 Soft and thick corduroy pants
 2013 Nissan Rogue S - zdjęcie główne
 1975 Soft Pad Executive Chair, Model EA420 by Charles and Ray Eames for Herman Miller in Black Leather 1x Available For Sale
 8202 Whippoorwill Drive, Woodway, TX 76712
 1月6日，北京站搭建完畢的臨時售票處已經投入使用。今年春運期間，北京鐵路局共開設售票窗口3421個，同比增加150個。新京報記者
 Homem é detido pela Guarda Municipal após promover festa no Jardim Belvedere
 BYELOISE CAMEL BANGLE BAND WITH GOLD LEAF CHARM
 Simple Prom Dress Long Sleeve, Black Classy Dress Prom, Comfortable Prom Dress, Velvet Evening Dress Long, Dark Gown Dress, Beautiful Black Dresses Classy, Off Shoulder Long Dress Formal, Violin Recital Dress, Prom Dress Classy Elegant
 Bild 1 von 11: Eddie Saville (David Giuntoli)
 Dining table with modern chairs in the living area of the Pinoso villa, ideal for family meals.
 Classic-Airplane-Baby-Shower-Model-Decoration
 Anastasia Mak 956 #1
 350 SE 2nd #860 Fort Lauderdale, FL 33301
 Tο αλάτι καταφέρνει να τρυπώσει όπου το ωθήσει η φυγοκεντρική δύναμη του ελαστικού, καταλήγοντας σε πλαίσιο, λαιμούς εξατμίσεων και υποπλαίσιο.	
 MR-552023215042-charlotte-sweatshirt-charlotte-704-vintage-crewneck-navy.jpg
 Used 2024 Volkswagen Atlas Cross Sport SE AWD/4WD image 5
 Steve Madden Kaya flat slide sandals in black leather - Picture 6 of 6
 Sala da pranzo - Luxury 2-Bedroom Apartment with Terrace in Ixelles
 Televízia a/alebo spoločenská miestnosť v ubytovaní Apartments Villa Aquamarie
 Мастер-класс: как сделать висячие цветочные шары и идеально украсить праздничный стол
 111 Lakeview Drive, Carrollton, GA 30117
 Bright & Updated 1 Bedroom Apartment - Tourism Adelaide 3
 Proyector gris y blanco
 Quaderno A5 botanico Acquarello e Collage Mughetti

________________

**Work instruction**.
Retype all of the data word for word.

**Answer space**.
 Soft and thick corduroy pants
 2013 Nissan Rogue S - zdjęcie główne
 1975 Soft Pad Executive Chair, Model EA420 by Charles and Ray Eames for Herman Miller in Black Leather 1x Available For Sale
 8202 Whippoorwill Drive, Woodway, TX 76712
 1月6日，北京站搭建完畢的臨時售票處已經投入使用。今年春運期間，北京鐵路局共開設售票窗口3421個，同比增加150個。新京報記者
 Homem é detido pela Guarda Municipal após promover festa no Jardim Belvedere
 BYELOISE CAMEL BANGLE BAND WITH GOLD LEAF CHARM
 Simple Prom Dress Long Sleeve, Black Classy Dress Prom, Comfortable Prom Dress, Velvet Evening Dress Long, Dark Gown Dress, Beautiful Black Dresses Classy, Off Shoulder Long Dress Formal, Violin Recital Dress, Prom Dress Classy Elegant
 Bild 1 von 11: Eddie Saville (David Giuntoli)
 Dining table with modern chairs in the living area of the Pinoso villa, ideal for family meals.
 Classic-Airplane-Baby-Shower-Model-Decoration
 Anastasia Mak 956 #1
 350 SE 2nd #860 Fort Lauderdale, FL 33301
 Tο αλάτι καταφέρνει να τρυπώσει όπου το ωθήσει η φυγοκεντρική δύναμη του ελαστικού, καταλήγοντας σε πλαίσιο, λαιμούς εξατμίσεων και υποπλαίσιο.	
 MR-552023215042-charlotte-sweatshirt-charlotte-704-vintage-crewneck-navy.jpg
 Used 2024 Volkswagen Atlas Cross Sport SE AWD/4WD image 5
 Steve Madden Kaya flat slide sandals in black leather - Picture 6 of 6
 Sala da pranzo - Luxury 2-Bedroom Apartment with Terrace in Ixelles
 Televízia a/alebo spoločenská miestnosť v ubytovaní Apartments Villa Aquamarie
 Мастер-класс: как сделать висячие цветочные шары и идеально украсить праздничный стол
 111 Lakeview Drive, Carrollton, GA 30117
 Bright & Updated 1 Bedroom Apartment - Tourism Adelaide 3
 Proyector gris y blanco
 Quaderno A5 botanico Acquarello e Collage Mughetti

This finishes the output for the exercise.